[Record excerpts — start]
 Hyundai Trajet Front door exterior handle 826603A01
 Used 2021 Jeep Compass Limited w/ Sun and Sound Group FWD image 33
[Record excerpts — finish]
[Record excerpts — start]
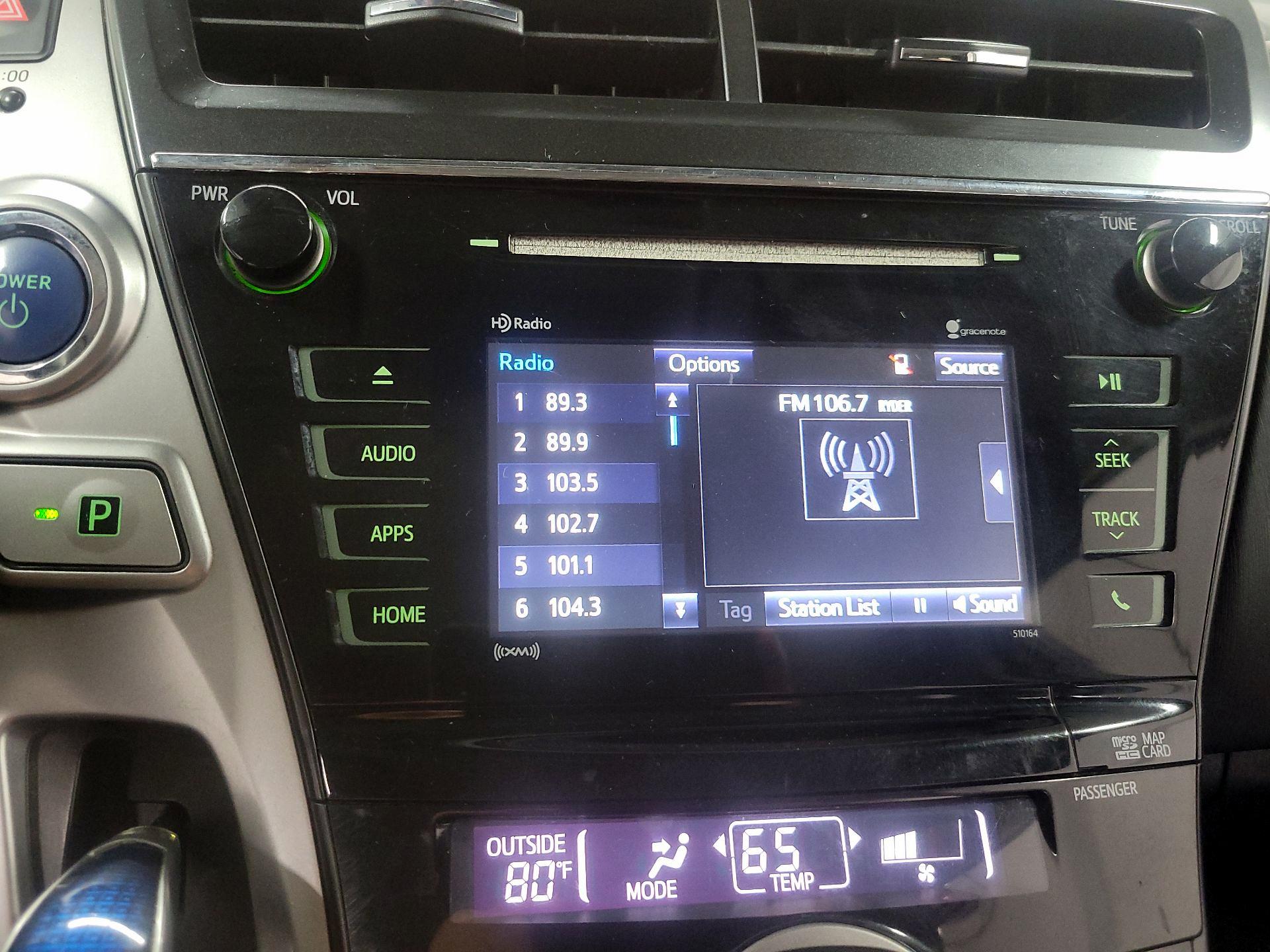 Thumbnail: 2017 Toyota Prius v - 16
[Record excerpts — finish]
[Record excerpts — start]
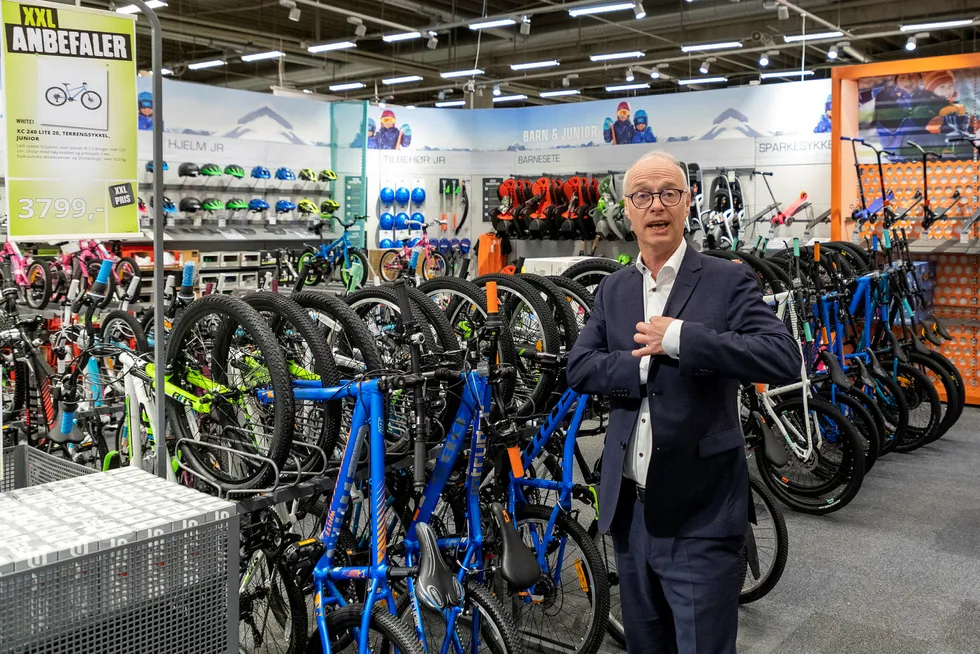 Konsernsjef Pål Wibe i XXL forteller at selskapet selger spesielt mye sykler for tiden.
[Record excerpts — finish]
• What the exercise asks: Take the records above and return, word for word, only the lines that fall from the line with "Hyundai Trajet Front" to the line with "Used 2021 Jeep", both of them included.

• Expected answer:
 Hyundai Trajet Front door exterior handle 826603A01
 Used 2021 Jeep Compass Limited w/ Sun and Sound Group FWD image 33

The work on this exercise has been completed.